La rupture est donc indispensable, mais à trop tarder, elle n'en sera que plus brutale et plus difficile à mener tant elle doit affronter le poids de l'inertie. Redresser la barre, réapprendre à faire correctement du chemin de fer, renouer avec les bonnes pratiques d'une exploitation rigoureuse, passer du discours sur la priorité aux trains du quotidien (90% des usagers quotidiens ne sont pas dans des TGV) à la pratique, c'est tellement plus difficile que de se laisser bercer par le fil des jours, tous marqués par leur petite pression politique en faveur de tel ou tel sujet : le TGV du futur, des lignes nouvelles, une autoroute ferroviaire, ou tant d'autres sujets qui font nettement mieux dans la presse quotidienne régionale pour la notoriété d'un élu local que la rénovation d'une ligne au prix de mois de travaux pénibles pour les usagers.

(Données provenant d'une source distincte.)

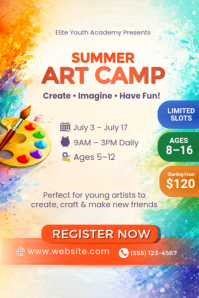 Summer Art Camp Flyer Template | Kids Art Workshop Poster | Creative Camp Invitation | Children Pain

Bondy - 13 mars 2014 - Une rame TGV Euroduplex approchant de Paris Est. Le symbole de l'industrie ferroviaire française est aujourd'hui au centre des débats sur la gouvernance ferroviaire : l'état de délabrement de certaines parties du réseau résulte de choix politiques et budgétaires qui ont fait la part belle à la grande vitesse. © transportrail
Fréquentation des TGV et des Intercités en baisse, explosion du déficit d'exploitation de ces derniers, incertitudes sur leur renouvellement, TER à bout de ressources, fret toujours naufragé du rail, écotaxe absente : autant de sujets ô combien structurants pour lesquels la réforme ferroviaire n'apporte aucune réponse. Le risque serait de voir l'Etat s'en contenter et considérer que "le boulot a été fait" en matière ferroviaire sur le quinquénnat. Ce ne serait pas surprenant tant l'Etat est absent. L'Etat est-il encore stratège... ou plus simplement encore compétent pour tracer la ligne de conduite à ses 3 nouveaux EPIC issus de la réforme. La position de l'Etat reste continue : beaucoup d'effets de manches et de petites phrases pour les médias, mais la politique de l'autruche comme fil d'Ariane. Ah si quand même : on continue d'investir à fonds perdus sur le Lyon - Turin. Il n'y a pas plus important ?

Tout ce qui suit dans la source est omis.